Chronos

The world!

Compile and run

git clone https://github.com/YangKeao/chronos.git
cd chronos
cargo build --all
cargo run -- --pid $pid --tv_nsec_delta 1000000000 --tv_sec_delta 1000000000 --fake $(pwd)/target/debug/libfake_clock_gettime.so

Requirement

We need the target program dynamically linked with glibc, because we need dlopen in it.

Implementation

VDSO

First, we use ptrace to load libfake_clock_gettime.so into target program.

1. Parse glibc ELF and find dlopen and dlsym function.

2. Protect the current context (registers and ip instruction).

3. Modify ip instructions to call & int. And modify regs to call dlopen and dlsym.

Then we load fake image into target program and get fake_clock_gettime function address.

Finally we use ptrace to modify clock_gettime function in [vdso] part of the program. The modified clock_gettime will jmp to prepared fake_clock_gettime function.

As the [vdso] implementation has been destroyed, we cannot use vdso's clock_gettime in fake_clock_gettime. So we simulate it with pure syscall clock_gettime.

Syscall

If your program call clock_gettime with pure syscall, method mentioned above will not work. You can pass -e argument to chronos to inject syscall directly.

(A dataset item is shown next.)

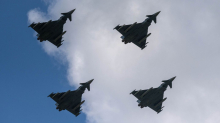 Unabhängigkeitstag der USA: Kampfjets aus den USA und Deutschland fliegen über Berlin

If -e argument was passed to chronos, we will inject vdso to make sure all clock_gettime call will lead to syscall. And then we use ptrace to monitor syscall and modify the result of clock_gettime.

TODO

1. PLT only mode. As most program linked with glibc will use glibc's binding clock_gettime, we can jmp to our fake function in PLT without destroy vdso's clock_gettime. And as every dynamic linked image has its own PLT, we can call clock_gettime directly in our fake function. It will be much simpler and faster than existing implementation.

2. Use ebpf to modify syscall. Use ebpf (like ethercflow/time-chaos does) to modify syscall rather than use ptrace. As ptrace way will interrupt at every syscall, it will have a much heavy influence on performance.